Até à data da entrada em vigor da Lei do Orçamento do Estado para 2022 (i.e. até ao dia 27 de junho de 2022, inclusive), o Código do Imposto do Selo isentava os financiamentos intragrupo de curto prazo, desde que realizados entre duas entidades residentes em Portugal ou, envolvendo entidades não residentes, desde que a entidade concedente do crédito fosse residente noutro Estado-Membro ou num Estado em relação ao qual vigore uma convenção para evitar a dupla tributação acordada com Portugal. Portanto, até essa data, ficavam excluídos da isenção os financiamentos intragrupo concedidos por entidades residentes em Portugal a entidades não residentes.
Ora, esta norma, além de altamente discriminatória, revelava-se um verdadeiro entrave quer para os grupos nacionais, que pretendiam encetar operações no exterior, quer para grupos multinacionais, que possuem subsidiárias em Portugal, e em que a fonte de financiamento se localizava neste território. Além disso, diversos eram os grupos multinacionais que possuíam um sistema de gestão de tesouraria centralizada (vulgo “sistema de cashpooling”), em que optavam por não incluir as entidades residentes em Portugal, sob pena de serem penalizados pelo impacto negativo do imposto do selo nas suas operações de financiamento.
Nestas circunstâncias, muito foi o contencioso fiscal nesta matéria que opôs o contribuinte – crente no princípio da liberdade de circulação de capitais, princípio basilar da União Europeia – e a Autoridade Tributária e Aduaneira – que assumiu uma posição restritiva, sem atender ao Tratado de Funcionamento da União Europeia. E inúmera foi a jurisprudência favorável ao contribuinte, que concluiu pela existência de uma situação discriminatória, pois a isenção constituía uma efetiva vantagem fiscal que só era atribuída a alguns contribuintes (operações em que o devedor tem sede em Portugal e o credor é não residente em Portugal), sem motivo objetivo para tal distinção.
Volvidos mais de 20 anos, e um longo histórico de litigância judicial, a Lei do Orçamento do Estado para 2022 (LOE 2022), veio alterar a redação do n.º 2 do artigo 7.º do Código do Imposto do Selo, passando igualmente a aplicar a isenção de imposto aos financiamentos intragrupo de curto prazo (incluindo os concedidos no âmbito de um sistema de cash pooling) concedidos por entidades residentes em Portugal.

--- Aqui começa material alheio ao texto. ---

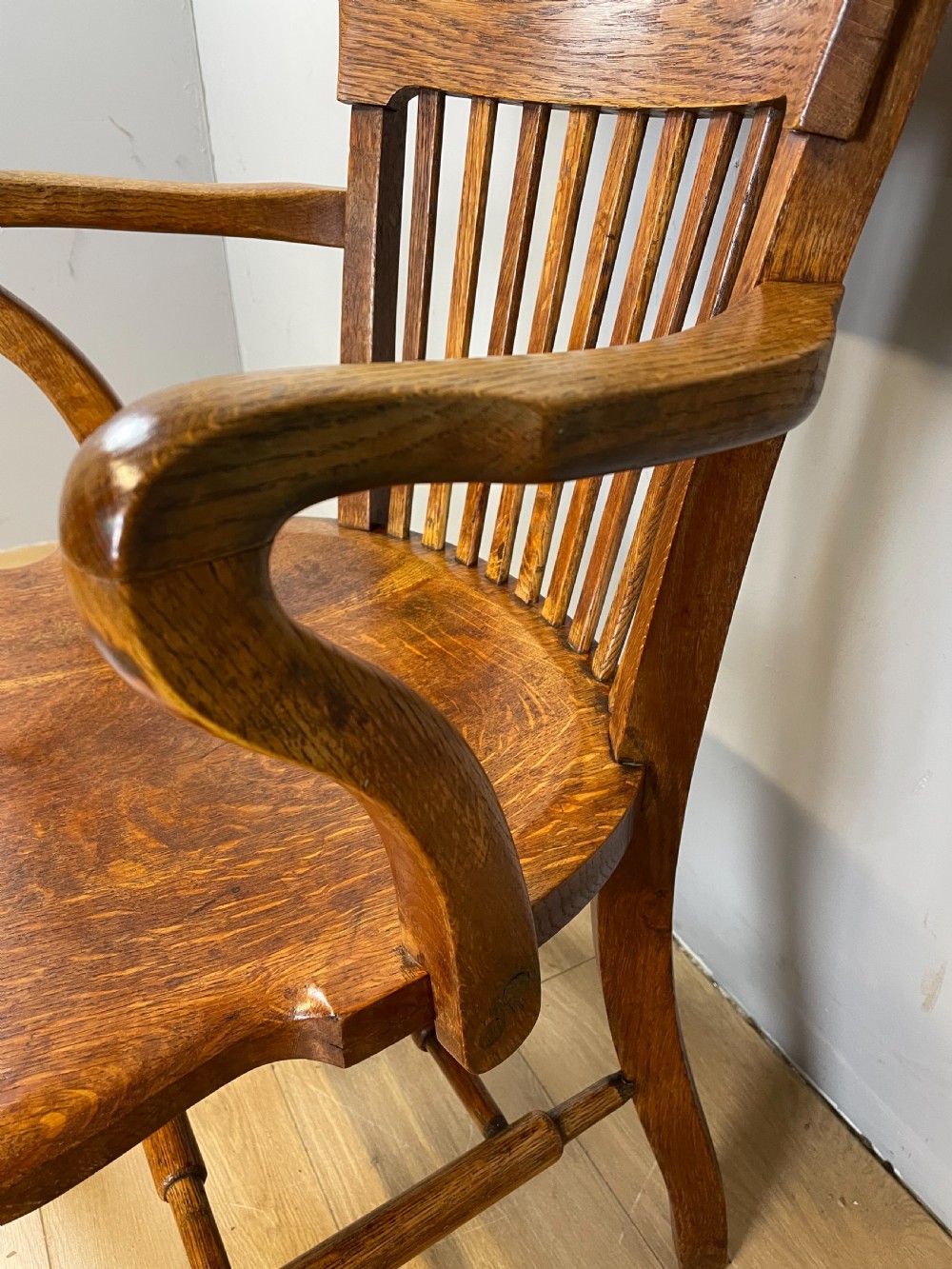 Edwardian solid oak desk chair  View V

Por outras palavras, a partir do dia 28 de junho de 2022, são isentos de imposto do selo todos os financiamentos intragrupo de curto prazo, mediante o cumprimento de determinados requisitos (os quais já se encontravam previstos à data da alteração), com exceção das situações em que qualquer um dos intervenientes seja residente num país terceiro e/ou num Estado em relação ao qual não vigore uma convenção para evitar a dupla tributação acordada com Portugal.
Esta é realmente uma boa notícia quer para o tecido empresarial português, que há muito iniciou o seu processo de internacionalização, quer para os grupos multinacionais que equacionem investir ou reforçar o seu investimento em Portugal, pois esta alteração trará mais flexibilidade na circulação de capitais e maior competitividade fiscal.

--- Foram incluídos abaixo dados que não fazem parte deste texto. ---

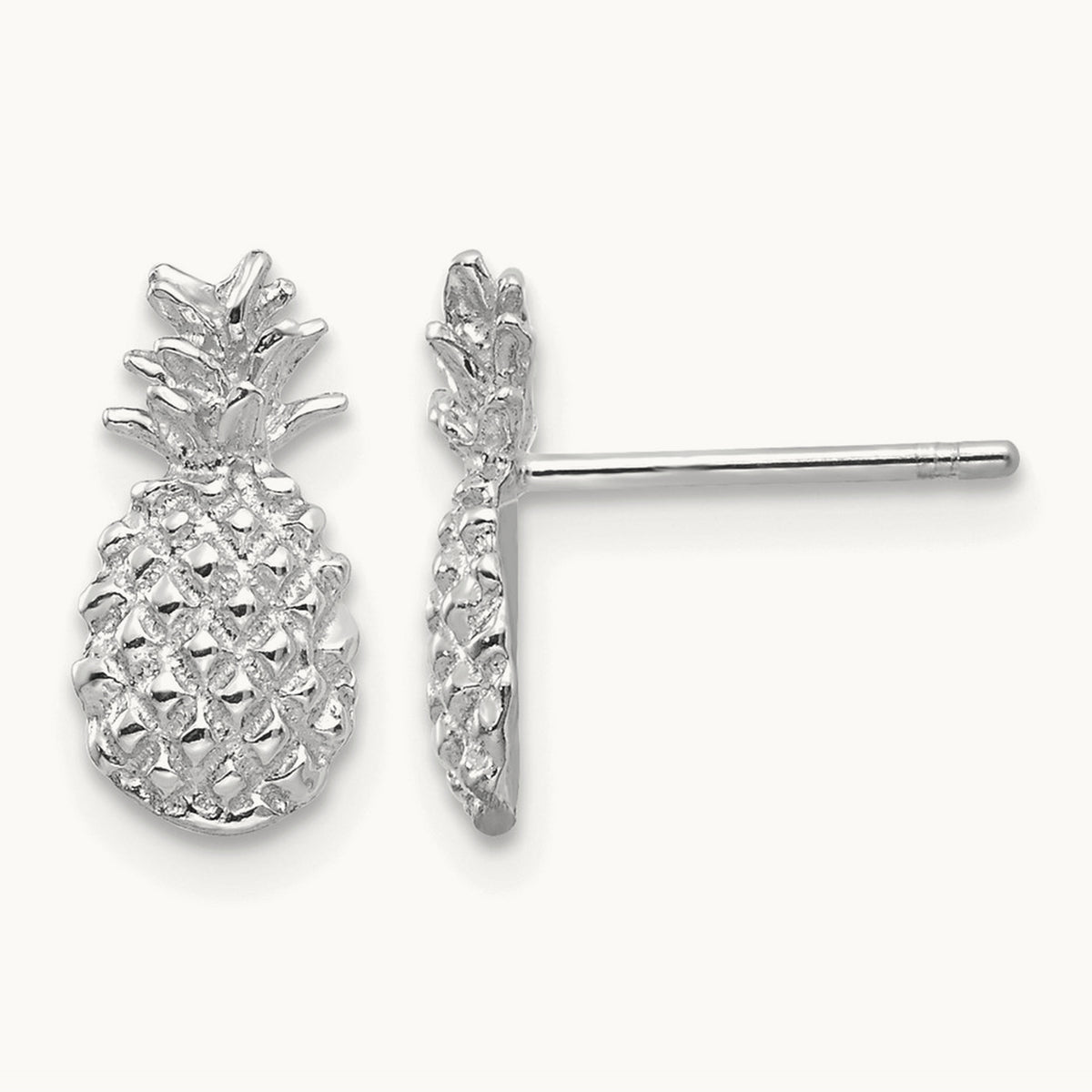 Polished and Textured Pineapple Post Earrings — 14K White Gold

Resta perceber o significado desta alteração no contencioso fiscal pendente de decisão. Será que a posição do contribuinte sairá reforçada? Uma coisa é certa, o contribuinte estará sempre melhor com esta alteração, pois pode-se entender que esta é a confirmação, por parte do legislador, de que estávamos perante uma situação de discriminação sem fundamento e, depois, é também a sua resposta perante a mesma, corrigindo-a em conformidade.
Posto isto, para os contribuintes mais conservadores ou com maior aversão à litigância, recomenda-se o acompanhamento da jurisprudência que vier a emanada pelos tribunais na vigência desta alteração, e na avaliação da possibilidade de avançarem com os meios de reação tendentes à recuperação do imposto liquidado em excesso nos anos anteriores.